The loader resolves each name to load_<name> (or, failing that, fetch_<name>) in sklearn.datasets and calls it with as_frame=True, so X is a DataFrame and y a Series. An unknown name raises ValueError listing the available datasets.

Requires scikit-learn

load imports sklearn.datasets directly. Without scikit-learn installed (the tabular extra), the import raises a plain ImportError.

OpenMLDatasetLoader (data extra)

Loads datasets from OpenML by id (openml:31) or name (openml:credit-g). Requires the data extra (openml) and network access. The task is inferred via infer_task from the resolved target (or defaults to TaskType.CLASSIFICATION when there is no target).
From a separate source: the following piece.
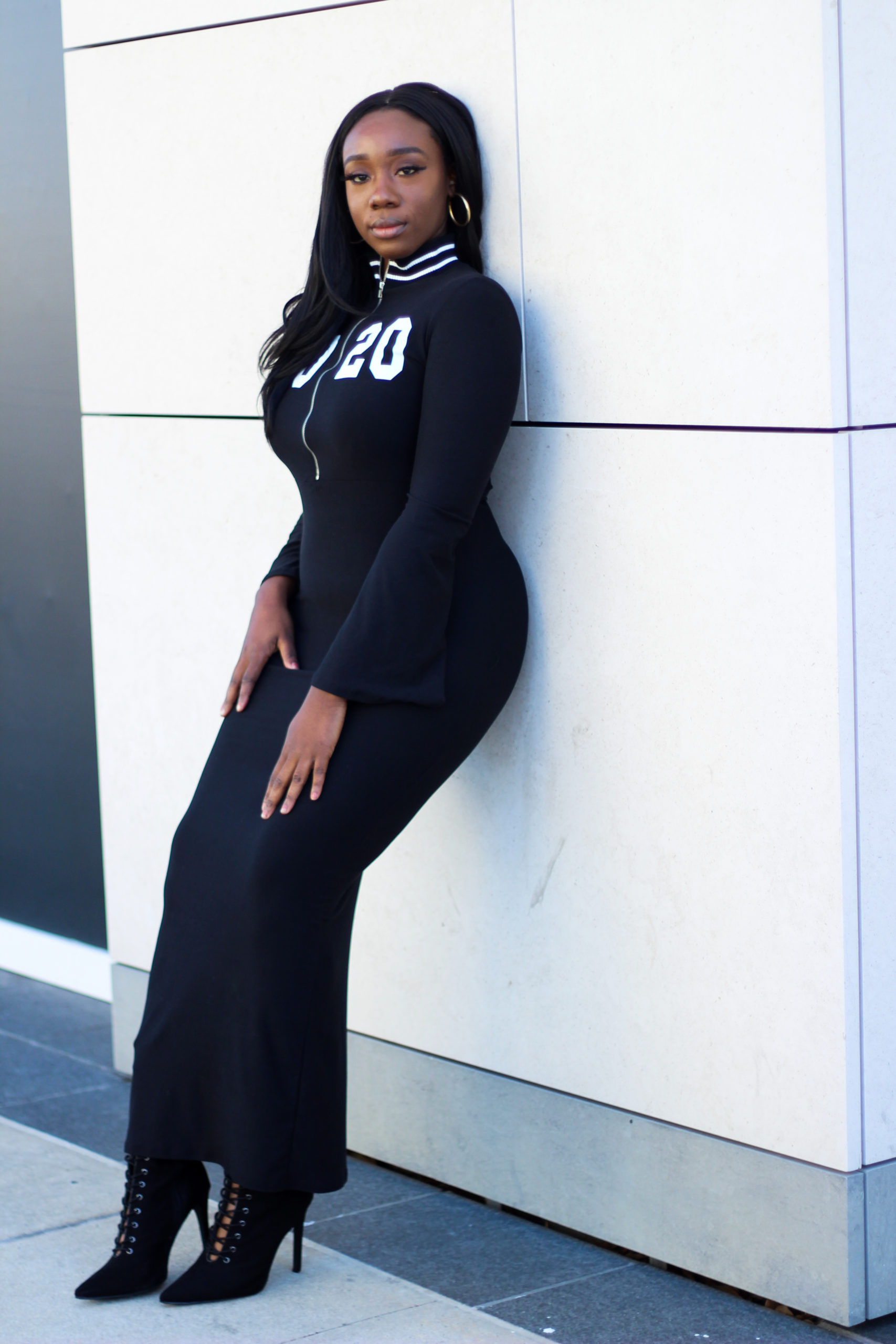 JUMPSUIT OBSESSION: ONE YEAR 12 JUMPSUITS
pip install "fireflyframework-datascience[data]"
from fireflyframework_datascience.datasets.adapters import OpenMLDatasetLoader

loader = OpenMLDatasetLoader()
loader.name                       # "openml"
loader.can_load("openml:31")      # True

ds = loader.load("openml:credit-g")           # by name
ds = loader.load("openml:31", target="class") # override the default target
ds.metadata                                   # {"source": "openml", "openml_id": ...}

The reference after openml: is treated as an id when it is all digits, and as a name otherwise. When you do not pass target, the loader falls back to the dataset's default_target_attribute.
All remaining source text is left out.